At one stage in this process there was a Snug Cove Task Force. They came up with quite a good long-term plan for a compact, pedestrian friendly village with a town square and all kinds of good things. A critical element of their plan was redevelopment of the baseball field. When the baseball field was pulled from the plan, the plan fell apart.
But by this time the Municipal Council was involved. Snug Cove planning had been dragging on for years and they decided to get things moving. They brought in consultants, showed them the dead plan and told them to breathe new life into it. Drafts were written and rewritten. Background documents were distributed. Public consultation meetings were held. There was even a meeting at UBC where various plans were computer modeled. At the end of the day the entire exercise went nowhere. As long as the GVRD controlled the land on either side of the main street there was no way to fit a square village into a ribbon of land.
Then a bombshell fell. The GVRD was willing to sell the community over five million dollars worth of land for two million dollars. Council was divided. Some wanted to buy the land and figure it out later. Others wanted a plan in place before the purchase to ensure that council could sell enough of the land quickly to recoup the two million dollars. The upshot was that council agreed to pass the Snug Cove Plan before the next election to ensure that rezoning could proceed to enable the sale of some of the land.
From that point on the process took on a life of its own. Public input was still part of the process but the die was cast. There was absolutely no way that council was going to reverse itself.
They did strip out numerous parts of the plan. What remains is an undertaking to increase residential density along Miller Road, create high density residential on some of the Surplus Land, create commercial on some of the Surplus Land, create civic/institutional on some of the Surplus Land and, in an ironic twist, they are changing the nice, modest, high density little residential area behind the Pub from village residential to commercial.
Council could have said “Look we have all of this surplus land and we have to sell some of it to pay off the $2,000,000 mortgage. The SCVP is simply the first step in redrawing the planning maps to allow future councils to have the most possible options.” Instead, they tried to justify planning that could conceivably allow for a hundred and fifty multifamily units on ten acres of land. At every public meeting the majority of speakers spoke against this. The public clearly stated “If we are going to get off the ferry, drive up the hill and be greeted by the same urban development that we just spent an hour getting away from, what’s the point of living here?”

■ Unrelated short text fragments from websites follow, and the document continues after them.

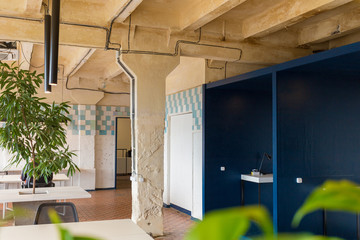 office chair near the desktop with office. new workplace concept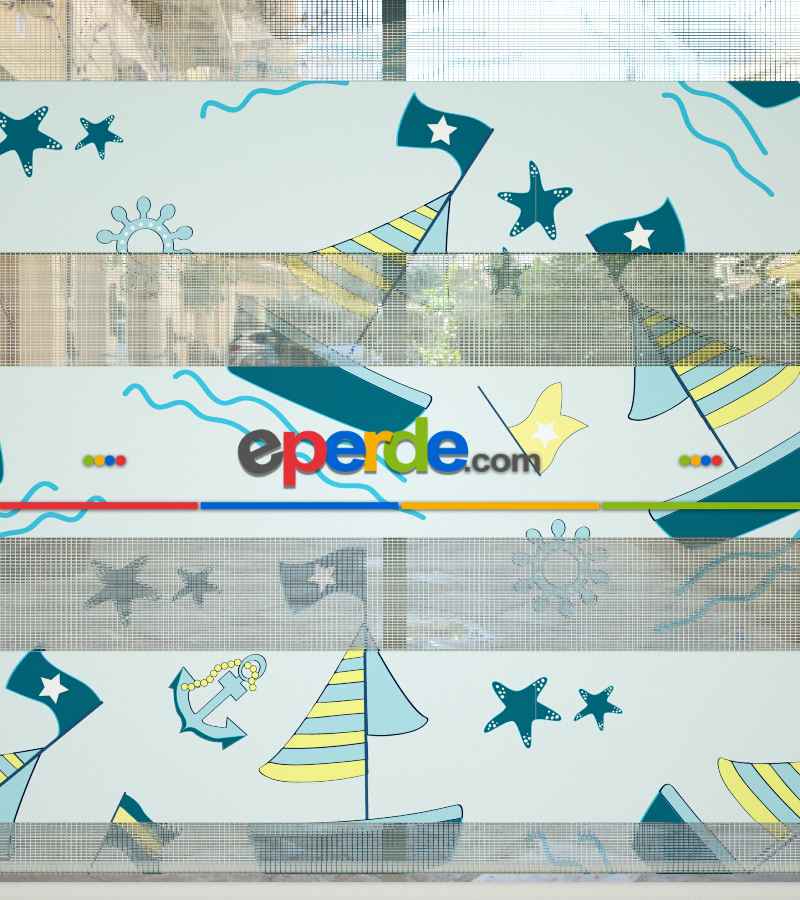 Çocuk Odası Zebra Perde - Gemi Desenli Baskılı Zebra Perde- Çok Renkli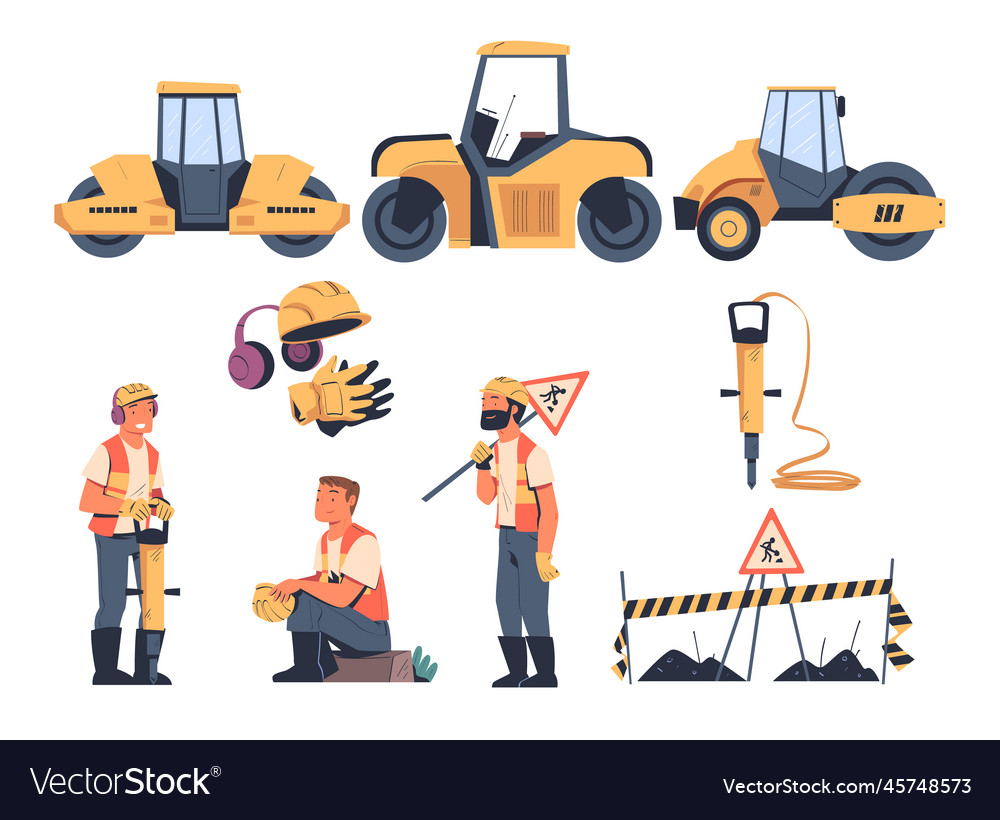 Road repair with workers in special uniform and Vector Image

Now council is stuck and they’re scrambling. They’re emphasizing things like special needs housing but there is nothing in the Plan requiring it: It’s just part of a list of everything from half million dollar townhouses to rental units. They’ve also thrown in that the developer will have to provide a community benefit. Of course, in the vast majority of cases the Municipality will be the developer.
So now council is damned if they do and damned if they don’t. If they don’t pass their Vision Statement their critics will say that they frittered away another three years without finishing anything. If do pass it they are saddled with the public perception that they are pro development and without any real plan as to how to manage that development.
The only member of council to distance herself from the Plan is the Mayor. She is also by far the most astute politician. When election time rolls around this November the public may come to realize that the Snug Cove Village Plan process was just a torturous route to a necessary starting point. But I don’t think that those involved will forgive Council for inviting them to get up at public meetings and express their views when it didn’t really matter what they said.